Coupé des peuples du dedans et du dehors, le corps socialiste a-t-il épuisé ses "capacités de renouveau" ? Gaël Brustier répond : nous gardons toutes les cartes en main, il n’en tient qu’à nous.

Son livre peut être lu tout autant comme la déclaration d’amour d’un militant à son parti que comme préface prémonitoire au manifeste du Parti de Gauche.

Thierry Deronne (**)


1) Gaël Brustier, *Les socialistes, les altermondialistes et les autres », éditions Bruno Leprince, septembre 2008, 180 pages, 18 euros. En vente dans les FNAC, et en librairie. www.socalter.org

(2) On lira notamment, de Régis Debray : "La puissance et les rêves", Gallimard, 1984 et "Les Empires contre l’Europe", Gallimard, 1985.

(3) Jean Ziegler, "Les rebelles contre l’ordre du monde", Le Seuil, 1985.


* Gaël Brustier, 30 ans, est doctorant en Sciences politiques. Ancien membre de la direction nationale d’un parti politique de gauche, fondateur d’EUROSUR, une entreprise coopérative spécialisée dans le développement des partenariats entre Europe et Amérique latine, il est aujourd’hui également membre d’ATTAC, du Parti socialiste français et animateur du Centre d’études sur la République, l’internationalisme, le socialisme et l’Europe.
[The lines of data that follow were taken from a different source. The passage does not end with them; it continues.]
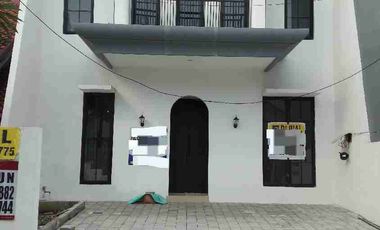 Jual Rumah Mewah 

Perum Pondok Mutiara
Sidoarjo Kota

Luas 96m2 ( 8x12 ) 
LB 110m2 ( 2 Lantai )
KT 4 KM 3
Hadap selatan
PLN Token 2200
Air PDAM
Row jln 8m
Surat SHM IMB

*Turun Harga 1.5 Miliar*
Cash / KPR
** Thierry Deronne, préfacier du livre de Maxime Vivas « La face cachée de reporters sans frontières » (éd. Aden) est diplômé en communications sociales (IHECS, Bruxelles, Belgique 1985). Il organise des ateliers vidéos au Nicaragua Sandiniste (1985-88). Au Venezuela où il vit, il fonde l’École Populaire Latino-américaine de Cinéma (1995) et la télévision communautaire. Co-fondateur de la télévision communautaire Camunare Rojo TV, il est vice-président de formation intégrale de la télévision publique et participative VIVE TV à Caracas.